You can’t keep track of where you’re living when you first hear the song but what you remember is driving out to Malibu for a hike like you did that one other time four years ago when things felt messed up but when you still had so much in front of you, more health, more love, more sex, more comfort. It starts with a cymbal roll and then bass percussion and then adds layers, so subtly you hardly notice. By the time Andrew Wyatt’s voice comes in, it’s almost a surprise because, instrumentally, the song has worked so well on its own. There are repeating patterns on top of repeating patterns.

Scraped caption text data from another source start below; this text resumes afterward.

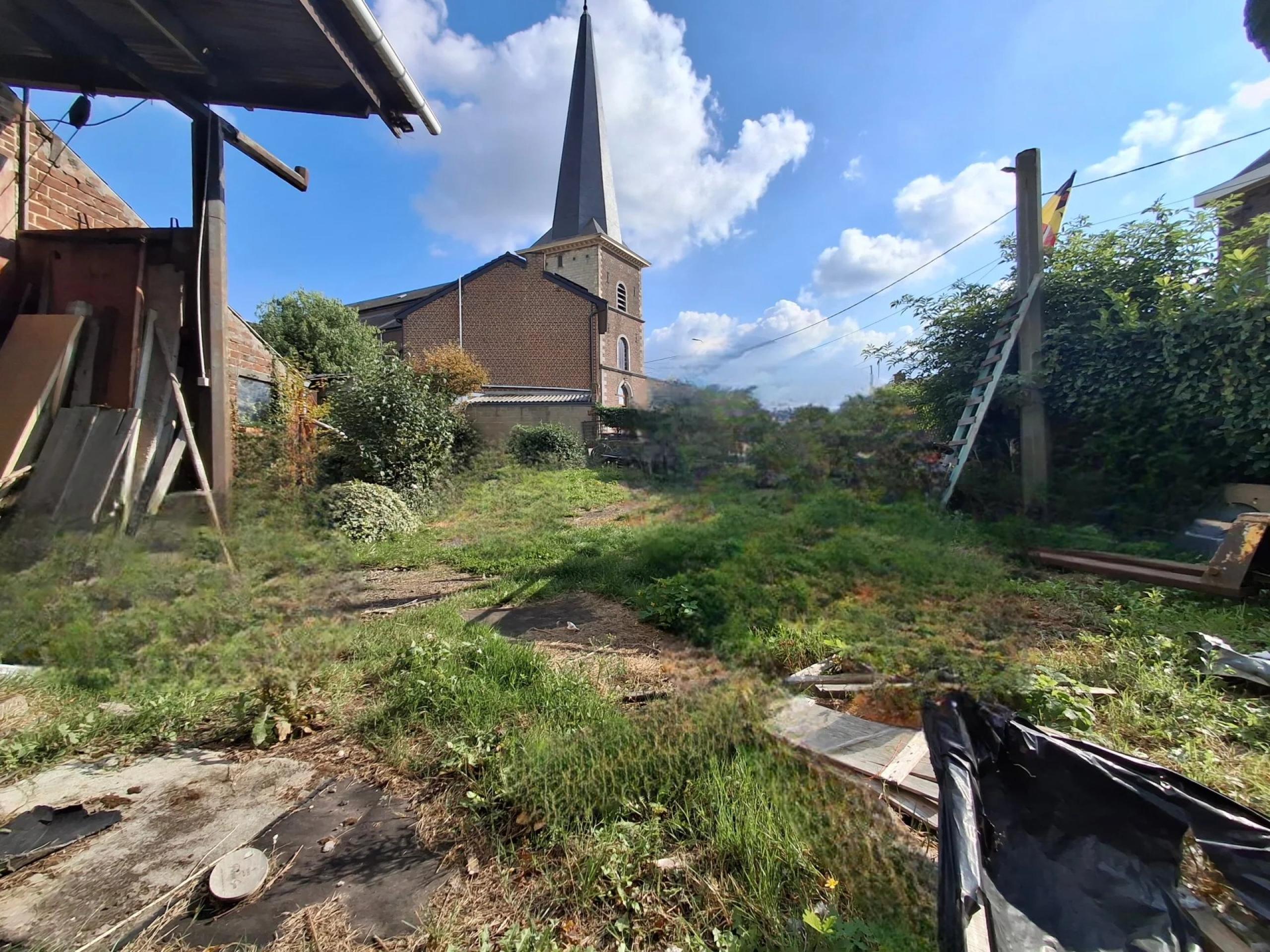 HOUTAIN : Ensemble immobilier: Maison 4ch avec jardin, surface commerciale, 3 appartements, terrain.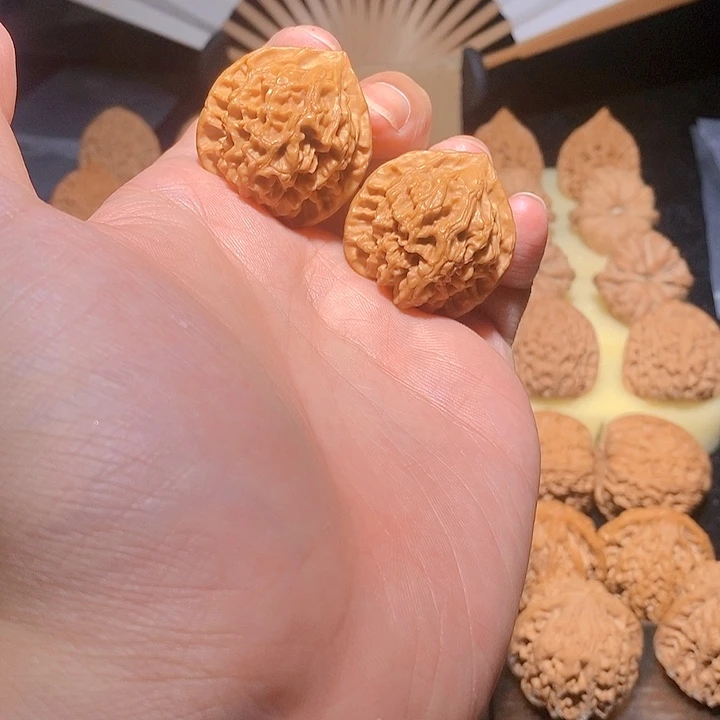 文玩核桃手把件珊瑚塔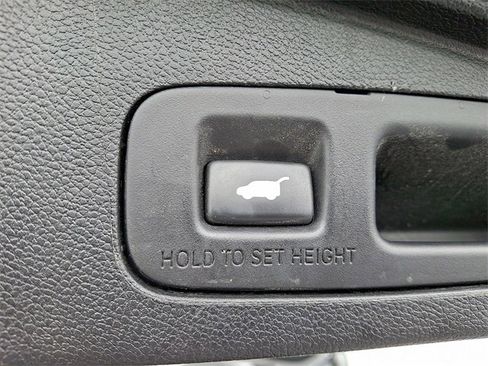 Used 2020 Honda CR-V Touring image 29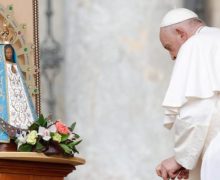 Папа призвал верующих молиться Св. Розарием о мире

Wyatt sings, I bought you a black tin box… the edges were sharp, trading refrains with a theremin-like whine. A barely-noticeable rippling pattern begins under the other layers. When the first verse ends, you hear the rippling clearly for the first time, along with the rhythm that glues the whole song together. Then there’s the repeating black sheep black sheep in the aftershocks, thought he could survive in the black tin box… repeats over the rhythmic pattern, and then Lykke Li comes in at the beginning of verse two and slides on notes at the end of phrases where she sings the word “comforting” and “superman” – like comfortiiiiiing and supermaaaaaan and you are so happy driving to Malibu with this song playing because you are driving away from chaos and away from the multiple storage places – garages, basements – that hold your stuff now because you don’t have an apartment anymore to keep all of it or to keep yourself. And that rhythm of four and seven back and forth keeps going and you want to keep up with it and you beat it out on your steering wheel.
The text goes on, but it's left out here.